Usually, data centers have great networks, but we have noticed within our customer environments that the sockets break or the network may be interrupted. This sort of scenario causes delays as the communication gets interrupted even if the whole connection does not break. Hence, it is necessary to monitor that the network does not become partially connected resulting in a split-brain and interrupted client connections.
NCache initiates an auto-recovery mechanism to resolve this, which is an expensive task. Hence, you need to monitor your cluster health.
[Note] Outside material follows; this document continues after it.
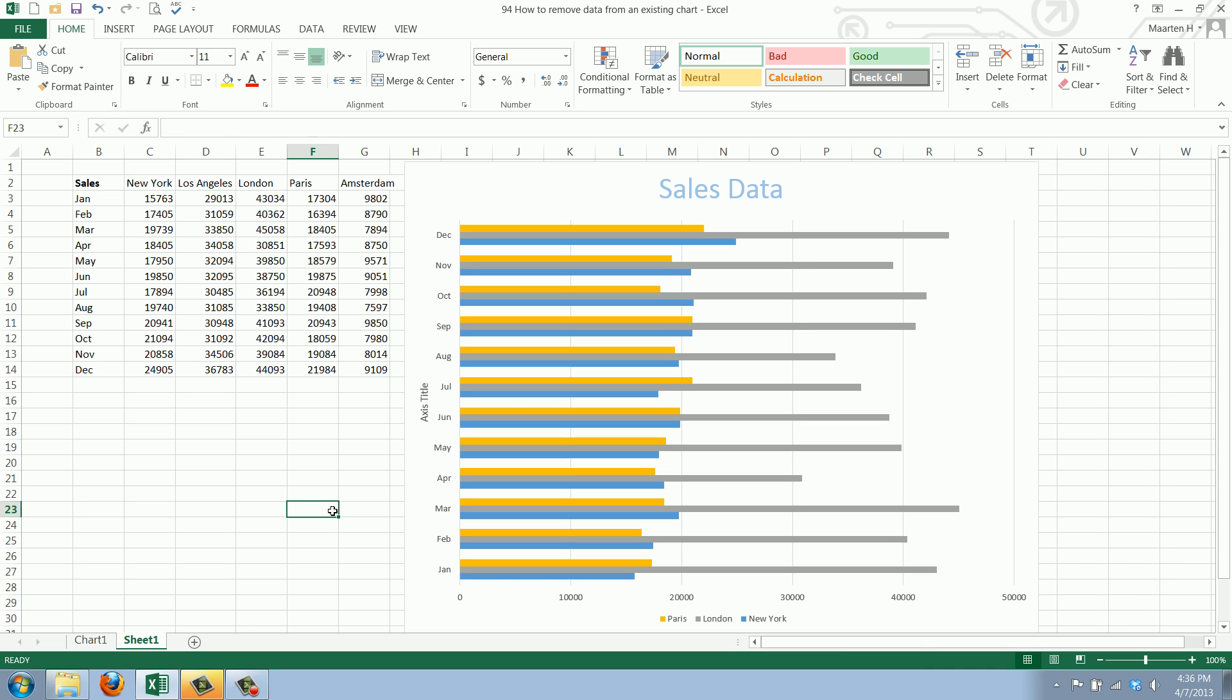Welcome to WorkSmarterTV. I am Maarten and in this video I will show you how to add data to an existing chart.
Using NCache Web Monitor, you can monitor various metrics for cache health:
1- Cluster Health
You can see the status of each server node in a cluster, its connection with the other nodes, and the number of connected clients in one glance.
2- Windows Event Logs
You can easily check for any errors in the event log, which also displays a detailed message against each event. So, in case of a partially connected cluster, you can effortlessly diagnose whether it is because of split-brain or some other reason, as logged in the Event Logs window.
3- API Logs
You can also choose to log API calls from the server node to the client – however, this is a memory counter.
4. System Resources
To verify if your cluster is healthy, you also need to monitor your CPU utilization, memory spikes, and network usage – this vigilance ensures your applications don’t face a shortage. If you see a constant hike in CPU utilization, for example, you can choose to increase your CPU resources.
5. NCache Alerts
NCache also provides a mechanism to send alerts on specific events like node start/stop or state transfer started. Such notifications are sent to a provided email, so you receive notifications of any unexpected activity anywhere. You can read more about this in the NCache Docs. Apart from these, cache health alerts for CPU utilization, queue size, memory, network bandwidth, and requests/sec are also logged in alerts.xml if the values cross the pre-configured threshold value.
Monitoring NCache Load/Capacity in Production
For such monitoring, you need to determine the general peak load for your cache cluster and transactions performed on each server. If influx increases, let’s say during an annual sale, there is a chance of environmental instability or uncertain behavior. For this, you need to monitor how many fetches or requests per second are being made on each server to quickly perform root cause analysis of any performance-related issue you might be encountering.
The throughput against the load will determine if there is a need for increasing the capacity. If you have already performed a baseline test for load monitoring, and the statistics show a consistent spike in the number of transactions, you can choose to scale up. You can do so by increasing the CPU resources or scaling out by adding more cache servers. We have already covered the counters you can employ.
NCache is a feature-rich distributed data store with 100% native .NET and Java support. Hence, when your cache clusters are running in a high transaction production environment, you must monitor the nodes, cluster, and client connections. Along with this, you need to keep an eye on the cache resources like memory and network bandwidth. NCache comes packed with multiple tools and alerts to make monitoring your cluster environment as convenient as possible.
This not only allows you to account for any unexpected spikes in the metrics, but it also helps you to easily diagnose performance degradation sources.